Alternatively, the e (P4)-associated phosphomonoesterase may function as a phosphorylation state regulator in a heme uptake system, such as the hemopexin transport complex recently identified in H. influenzae. Wong et al. described isolation of a hemopexin binding receptor complex from H. influenzae composed of 57-, 38-, and 29-kDa proteins, of which the last had a blocked N terminus (39). We, like others (20), believe this 29-kDa component to be lipoprotein e (P4). While the lack of broad substrate specificity limits the number of hypothesized biological roles for the enzyme, it does provide the inherent property of narrow specificity, suggesting that perhaps an outer membrane-localized and specific substrate does exist and that its phosphorylation state is essential to heme transport.

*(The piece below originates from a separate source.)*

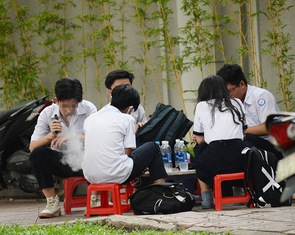 Thanh niên Việt Nam nói không với thuốc lá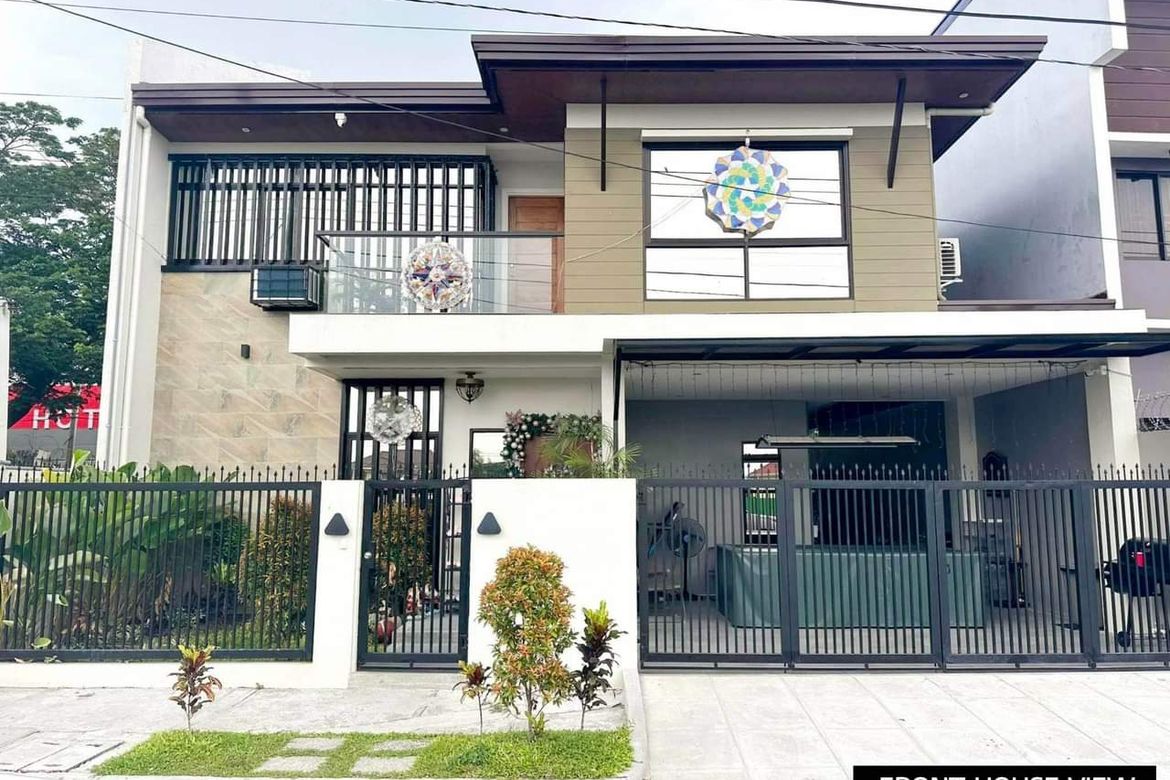 4 Bedroom House for Sale in Pampang, Angeles, Pampanga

Production of a soluble overexpressed phosphomonoesterase is in progress so that we may begin to investigate this protein’s interesting enzymology and its possible interactions with surface-localized Haemophilus components and to delineate its structure. In addition, experiments with site-directed mutations in the hel gene are in progress and may help elucidate the role of the phosphomonoesterase in the transport of heme, in pathogenesis, and ultimately in the growth and survival of H. influenzae.